(Caption-style text data)
┌──

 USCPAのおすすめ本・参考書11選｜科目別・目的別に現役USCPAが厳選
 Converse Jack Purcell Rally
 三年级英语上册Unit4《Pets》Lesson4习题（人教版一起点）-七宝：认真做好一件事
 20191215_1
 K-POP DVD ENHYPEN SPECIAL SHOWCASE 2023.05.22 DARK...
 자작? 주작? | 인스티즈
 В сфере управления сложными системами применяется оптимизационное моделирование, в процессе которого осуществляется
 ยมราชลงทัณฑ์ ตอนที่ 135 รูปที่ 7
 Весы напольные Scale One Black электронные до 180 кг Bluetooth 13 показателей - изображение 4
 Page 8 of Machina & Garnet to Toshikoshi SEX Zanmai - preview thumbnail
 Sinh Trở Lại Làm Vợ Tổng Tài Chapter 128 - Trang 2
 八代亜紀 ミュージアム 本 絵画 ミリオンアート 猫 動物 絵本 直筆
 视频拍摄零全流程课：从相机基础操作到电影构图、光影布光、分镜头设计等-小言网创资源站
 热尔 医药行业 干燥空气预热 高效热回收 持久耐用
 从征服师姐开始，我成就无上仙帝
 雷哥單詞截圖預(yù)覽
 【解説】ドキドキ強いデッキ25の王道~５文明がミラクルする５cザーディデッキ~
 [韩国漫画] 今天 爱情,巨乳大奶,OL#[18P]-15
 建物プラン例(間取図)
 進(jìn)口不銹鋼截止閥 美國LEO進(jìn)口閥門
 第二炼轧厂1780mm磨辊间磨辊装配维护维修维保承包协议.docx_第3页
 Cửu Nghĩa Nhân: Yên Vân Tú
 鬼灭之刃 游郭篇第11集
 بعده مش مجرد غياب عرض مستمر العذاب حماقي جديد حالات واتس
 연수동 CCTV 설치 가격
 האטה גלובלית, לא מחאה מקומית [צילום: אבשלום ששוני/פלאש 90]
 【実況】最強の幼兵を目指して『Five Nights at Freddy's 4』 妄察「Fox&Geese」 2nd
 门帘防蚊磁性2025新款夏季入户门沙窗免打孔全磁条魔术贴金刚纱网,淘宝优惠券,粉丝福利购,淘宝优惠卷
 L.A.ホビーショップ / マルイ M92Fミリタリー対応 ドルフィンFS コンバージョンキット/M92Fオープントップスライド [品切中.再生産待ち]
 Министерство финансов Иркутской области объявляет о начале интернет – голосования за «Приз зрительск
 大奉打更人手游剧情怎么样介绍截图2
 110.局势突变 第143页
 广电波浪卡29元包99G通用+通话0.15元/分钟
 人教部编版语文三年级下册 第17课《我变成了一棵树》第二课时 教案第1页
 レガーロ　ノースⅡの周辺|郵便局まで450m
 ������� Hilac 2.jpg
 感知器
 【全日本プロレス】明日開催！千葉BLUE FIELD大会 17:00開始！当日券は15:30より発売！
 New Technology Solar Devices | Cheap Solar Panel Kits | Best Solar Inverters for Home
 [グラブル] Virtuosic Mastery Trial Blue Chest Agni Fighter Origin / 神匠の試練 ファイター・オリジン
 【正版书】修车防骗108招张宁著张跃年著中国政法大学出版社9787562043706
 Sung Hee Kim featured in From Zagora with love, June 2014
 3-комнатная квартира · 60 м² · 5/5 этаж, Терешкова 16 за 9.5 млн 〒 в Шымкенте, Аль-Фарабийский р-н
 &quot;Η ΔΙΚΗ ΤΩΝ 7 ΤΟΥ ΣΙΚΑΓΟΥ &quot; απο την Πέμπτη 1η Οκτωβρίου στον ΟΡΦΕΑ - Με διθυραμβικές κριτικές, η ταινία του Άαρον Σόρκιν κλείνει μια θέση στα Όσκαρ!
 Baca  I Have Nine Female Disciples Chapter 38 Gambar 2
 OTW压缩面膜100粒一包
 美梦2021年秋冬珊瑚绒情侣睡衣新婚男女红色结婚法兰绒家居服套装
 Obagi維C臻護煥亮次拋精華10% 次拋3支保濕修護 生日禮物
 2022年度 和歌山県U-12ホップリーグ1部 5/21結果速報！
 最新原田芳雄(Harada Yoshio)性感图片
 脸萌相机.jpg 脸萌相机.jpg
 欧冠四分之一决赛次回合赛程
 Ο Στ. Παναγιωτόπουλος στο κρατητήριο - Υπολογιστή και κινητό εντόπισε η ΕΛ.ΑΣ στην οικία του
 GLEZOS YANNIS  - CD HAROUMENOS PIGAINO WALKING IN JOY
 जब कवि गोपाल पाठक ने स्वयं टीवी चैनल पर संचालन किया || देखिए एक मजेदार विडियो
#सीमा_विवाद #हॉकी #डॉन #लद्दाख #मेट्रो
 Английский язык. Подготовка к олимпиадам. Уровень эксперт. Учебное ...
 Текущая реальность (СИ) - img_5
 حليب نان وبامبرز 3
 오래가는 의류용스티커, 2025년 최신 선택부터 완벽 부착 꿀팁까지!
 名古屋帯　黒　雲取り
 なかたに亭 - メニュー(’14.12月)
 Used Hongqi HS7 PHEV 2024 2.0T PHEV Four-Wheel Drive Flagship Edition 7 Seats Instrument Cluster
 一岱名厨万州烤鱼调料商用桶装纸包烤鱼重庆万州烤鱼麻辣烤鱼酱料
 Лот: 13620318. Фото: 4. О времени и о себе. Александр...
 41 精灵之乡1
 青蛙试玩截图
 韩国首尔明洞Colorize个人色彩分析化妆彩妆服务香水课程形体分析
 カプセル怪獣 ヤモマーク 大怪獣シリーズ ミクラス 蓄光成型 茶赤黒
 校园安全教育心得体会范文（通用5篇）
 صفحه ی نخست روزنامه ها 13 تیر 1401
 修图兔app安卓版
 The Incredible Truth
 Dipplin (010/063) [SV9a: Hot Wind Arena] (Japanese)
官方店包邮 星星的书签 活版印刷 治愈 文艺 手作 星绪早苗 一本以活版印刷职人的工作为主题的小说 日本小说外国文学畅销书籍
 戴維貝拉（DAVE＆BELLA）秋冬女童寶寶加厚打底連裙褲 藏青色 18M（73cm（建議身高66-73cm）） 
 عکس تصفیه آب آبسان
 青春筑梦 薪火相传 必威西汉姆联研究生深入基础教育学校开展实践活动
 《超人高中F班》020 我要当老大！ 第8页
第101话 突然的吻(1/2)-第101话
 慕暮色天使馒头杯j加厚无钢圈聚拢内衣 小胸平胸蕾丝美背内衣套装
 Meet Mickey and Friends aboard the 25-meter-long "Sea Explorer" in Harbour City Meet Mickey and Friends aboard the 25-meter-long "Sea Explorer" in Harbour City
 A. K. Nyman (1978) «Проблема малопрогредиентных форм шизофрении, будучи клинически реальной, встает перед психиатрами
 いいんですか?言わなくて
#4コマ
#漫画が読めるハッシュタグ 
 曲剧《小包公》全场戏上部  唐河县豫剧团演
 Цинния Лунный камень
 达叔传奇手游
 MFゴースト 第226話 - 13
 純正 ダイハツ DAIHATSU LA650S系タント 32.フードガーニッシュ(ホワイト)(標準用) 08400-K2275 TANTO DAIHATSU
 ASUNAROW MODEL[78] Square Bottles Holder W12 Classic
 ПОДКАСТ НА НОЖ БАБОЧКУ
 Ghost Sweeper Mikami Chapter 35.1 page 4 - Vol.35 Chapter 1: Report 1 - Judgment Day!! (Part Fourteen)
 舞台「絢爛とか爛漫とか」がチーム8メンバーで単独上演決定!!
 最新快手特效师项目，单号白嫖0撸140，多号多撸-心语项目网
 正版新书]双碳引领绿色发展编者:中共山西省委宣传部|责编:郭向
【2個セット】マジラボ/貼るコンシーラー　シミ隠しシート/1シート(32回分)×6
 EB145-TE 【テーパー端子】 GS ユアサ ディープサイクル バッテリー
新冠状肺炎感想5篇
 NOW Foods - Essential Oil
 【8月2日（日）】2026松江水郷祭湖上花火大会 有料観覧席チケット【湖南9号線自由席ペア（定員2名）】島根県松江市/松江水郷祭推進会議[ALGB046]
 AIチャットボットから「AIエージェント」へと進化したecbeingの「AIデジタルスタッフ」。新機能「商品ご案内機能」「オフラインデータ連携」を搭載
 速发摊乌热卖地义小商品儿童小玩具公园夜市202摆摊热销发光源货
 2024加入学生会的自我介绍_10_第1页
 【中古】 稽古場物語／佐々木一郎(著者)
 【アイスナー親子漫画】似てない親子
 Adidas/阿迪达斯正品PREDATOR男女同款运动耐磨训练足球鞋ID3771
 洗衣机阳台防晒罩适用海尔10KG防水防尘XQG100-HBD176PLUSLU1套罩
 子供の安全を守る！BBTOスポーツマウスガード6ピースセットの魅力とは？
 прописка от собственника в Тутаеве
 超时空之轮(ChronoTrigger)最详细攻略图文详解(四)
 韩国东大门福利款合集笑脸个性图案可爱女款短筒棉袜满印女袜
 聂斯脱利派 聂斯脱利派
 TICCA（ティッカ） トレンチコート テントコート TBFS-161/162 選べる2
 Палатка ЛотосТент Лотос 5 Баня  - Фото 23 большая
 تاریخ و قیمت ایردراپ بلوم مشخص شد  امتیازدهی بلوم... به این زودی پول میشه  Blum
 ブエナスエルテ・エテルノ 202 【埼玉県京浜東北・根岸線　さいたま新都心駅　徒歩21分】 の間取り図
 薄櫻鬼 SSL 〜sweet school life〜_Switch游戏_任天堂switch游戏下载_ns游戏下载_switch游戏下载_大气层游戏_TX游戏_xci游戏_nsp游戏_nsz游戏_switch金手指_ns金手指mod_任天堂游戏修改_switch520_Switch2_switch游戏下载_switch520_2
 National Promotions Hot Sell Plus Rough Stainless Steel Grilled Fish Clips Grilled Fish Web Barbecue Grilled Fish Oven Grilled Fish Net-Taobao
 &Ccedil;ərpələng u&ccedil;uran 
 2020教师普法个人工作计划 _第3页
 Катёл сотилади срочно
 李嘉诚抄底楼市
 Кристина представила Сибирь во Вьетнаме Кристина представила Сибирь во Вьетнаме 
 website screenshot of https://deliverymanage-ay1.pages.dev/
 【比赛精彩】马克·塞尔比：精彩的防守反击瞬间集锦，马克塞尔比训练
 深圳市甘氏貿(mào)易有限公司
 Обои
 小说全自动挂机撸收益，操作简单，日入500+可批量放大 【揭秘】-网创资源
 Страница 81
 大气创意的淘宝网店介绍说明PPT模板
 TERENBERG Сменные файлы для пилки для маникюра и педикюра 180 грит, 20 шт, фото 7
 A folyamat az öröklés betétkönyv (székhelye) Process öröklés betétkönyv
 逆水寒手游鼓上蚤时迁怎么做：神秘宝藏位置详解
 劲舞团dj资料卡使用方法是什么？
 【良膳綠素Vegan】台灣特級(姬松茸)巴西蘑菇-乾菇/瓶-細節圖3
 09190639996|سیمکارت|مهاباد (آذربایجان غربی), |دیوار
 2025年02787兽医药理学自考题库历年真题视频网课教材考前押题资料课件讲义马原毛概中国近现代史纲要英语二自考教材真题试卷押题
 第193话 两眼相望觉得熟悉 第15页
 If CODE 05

└──

* _Aim of the task_
Each line that includes the word "Chapter" counts once; report how many such lines the entries have, and nothing else.

* _Task solution_
3